Ахра запаслась попкорном, чипсами и колой, и они с Дрюговски отправились на сеанс. Фильм назывался «Любовь навеки». Низкосортная, малобюджетная нелепица, как сказала мисс Незевиль, только прочитав название. Однако выбрала она именно его. Дрюговски еще с самого начала оставил право выбора полностью за ней и поэтому не протестовал. В кино он не особо разбирался, но название перекоробило даже его.
Смысл столь странного выбора девушки он понял, только войдя в зал. На сеанс, помимо них, пришло еще всего три человека. Ешь, разговаривай — и фиг кто скажет, мол, не шумите, фильм смотреть мешаете. Класс.
Картина, что удивительно, оказалась не такой уж и плохой. Сюжет повествовал о девушке, влюбившейся, в полном смысле этого слова, в саму себя. Свидания с самой собой, робкие признания самой себе, поцелуи с самой собой… Веселья, в общем, не отбавлять. Как так получилось, в фильме не уточняется. Все так и начинается — она, полуголая, смотрит в зеркало и, засмущавшись, прикрывается одеялом. Ну и дальше все в этом духе. Сумасшедшая, явно. Что-то, что передернуло ее в прошлом, довело ее до такого сумасброда, думал Дрюговски. Ахра все же склонялась к наркотикам или врожденной внутренней растерянности. Все сводится к тому, что главная героиня, однажды намеренно унизив одну девушку, начинает ненавидеть ту саму себя, в которую была влюблена, и разрывает сама с собой отношения. Если опустить детали, в завершение ее все-таки спасает ее приемный отец. До самоубийства или психушки дело не доходит, девушка вновь нормальная. После — учеба в колледже, муж, дети. И все благодаря смекалистому папаше. Ол Тейкс играют свою «Saying Goodbye To The Death» в титрах.

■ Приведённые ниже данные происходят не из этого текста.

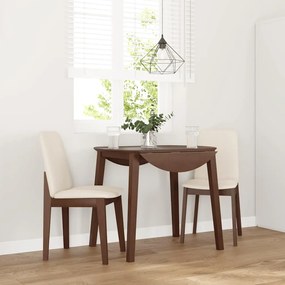 Sedie Da Pranzo Con Cuscini 2pz Marrone Legno Massello Di Hevea /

На выходе Ахра заявила, что в обязательном порядке посмотрит его во второй раз. Возможно, и в третий. Свое решение она не прокомментировала, равно как и сам фильм в целом, от которого Дрюговски был, в общем, не в восторге.
— Ты меня пугаешь, — удивленно отрезал он, когда услышал от Ахры о ее желании повторного просмотра. — Чем эта безвкусица могла тебя привлечь?
— Совершенно ничем. Именно поэтому и посмотрю.
— Странная ты.
— Угу, без заворотов, — улыбнулась она. — Что там у нас со временем?
Дрюговски чуть оттянул рукав на правой руке и посмотрел на часы.
— Без десяти пять, — озвучил он. — Ты спешишь? Куда-то нужно?
— Встреча с мэром у меня в два часа ночи. В остальном же планов не было, кроме как с тобой повидаться.
— Вот как… Это хорошо тогда, что я с обеда тебя встретил. Иначе до вечера бы тухла в гостинице. Что ж, как насчет похода в океанарий? Атмосфера для душевного разговора там что надо. — Он улыбнулся.
— Да, я не против. Только давай сперва домой к тебе заедем. Я хотела бы с тетей Блюр повидаться. Соскучилась… К тому же, у меня для нее подарок приготовлен.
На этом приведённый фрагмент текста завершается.